Das Koalitionsmanagement der rot-grünen Regierung steht somit in der Kontinuität informalen Regierens. Trotz anfänglich entschiedener Ablehnung, insbesondere durch die Fraktionsführungen, setzten sich ähnliche Muster durch, wie sie aus den zurückliegenden Jahrzehnten bekannt waren. Die Existenz informaler Regeln ist größtenteils institutionell begründet: Die Struktur des deutschen Regierungssystems hat zur Folge, dass Regierungskoalitionen die Willensbildung auf unterschiedlichen Handlungsebenen verstreben müssen. Die formal zuständigen parlamentarischen Gremien sind schon wegen ihrer Größe und Zusammensetzung nicht für diese Aufgabe geeignet. Im Zeitverlauf haben sich stattdessen bewährte und verstetigte "Regieanweisungen", sprich: Entscheidungs- und Verhaltensregeln, herausgebildet. Diese haben - da sie in der Vergangenheit erfolgreich erprobt wurden - mittlerweile selbst einen hohen Grad an Institutionalisierung und Erwartungssicherheit erreicht. Koalitionsabkommen und -ausschüsse sind markante Beispiele dafür, dass informale Regeln ein hohes Maß an normativer Wirkungsmacht entfalten können.

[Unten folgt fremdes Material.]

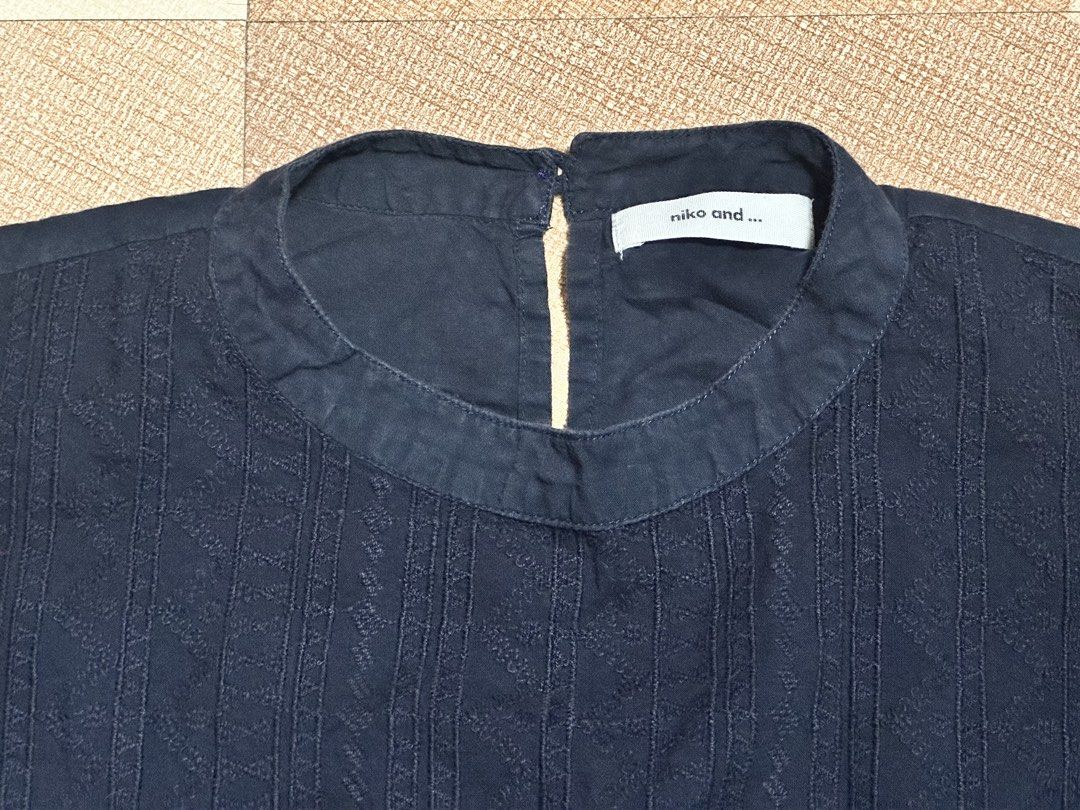 niko and Navy Blue Embroidered Blouse (Category: Blouses) located in Baguio. Submitted by littlearchive (Listing ID 1467540102, Image 3). Description: length: 20 inches bust: 19 inches sleeve length: 25 inches .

Das informale Koalitionsmanagement stärkt zweifelsohne Regierung und Fraktionsspitzen gegenüber den "einfachen" Abgeordneten. Dennoch bleiben die so genannten "Grenzstellenakteure" im parlamentarischen Regierungssystem auf die Folgebereitschaft der mehrheitsbildenden Fraktionen angewiesen. Insbesondere die Stärke des oder der Fraktionsvorsitzenden in Koalitionsverhandlungen wird durch den Grad der Loyalität, den die Abgeordneten ihm bzw. ihr entgegenbringen, wesentlich definiert. Principal-Agent-Theorien gehen dabei zuweilen paradigmatisch von einem Interessenkonflikt zwischen beiden Seiten aus. Dieser ist jedoch gerade in Gesinnungsgemeinschaften, wie sie Fraktionen bzw. Parteien darstellen, nicht notwendig und keinesfalls ständig gegeben. Es gehört zudem zu den fraktionsinternen Spielregeln, dass - von echten Gewissensfragen abgesehen - auch dort letztlich das Mehrheitsprinzip wirksam ist.
Die Koalitionspraxis der rot-grünen Bundesregierung zeigt, dass es - verglichen mit der Kohl-Ära - eher schwieriger geworden ist, die Folgebereitschaft der regierungstragenden Fraktionen sicherzustellen. Beide Fraktionen sind keineswegs unitarische Akteure. Daneben tragen SPD und Grüne auch den Charakter von Programmparteien, welche die Regierungsbeteiligung nicht nur als Eigenwert begreifen. Teilen der Parteielite und der Basis ist daran gelegen, programmatische Positionen mit möglichst geringen Abstrichen in Regierungshandeln umzusetzen. Diese Merkmale erschweren es den Verhandlungsführern in Koalitionen mitunter, Policy-Positionen flexibel an die Dynamik des Regierungsalltags anzupassen. Gerade in Reaktion auf den hierarchischen Führungsstil von Kanzler Schröder haben die Fraktionen in zentralen Fragen immer wieder Rückkopplungen und parlamentarische Mitsteuerung erzwungen. Selbst unter den Bedingungen eines informalen Koalitionsmanagements, das tendenziell hierarchische Beziehungen begünstigt, weisen die Verflechtungen innerhalb der Regierungsmehrheit also vielfältige Schattierungen und Abhängigkeiten auf.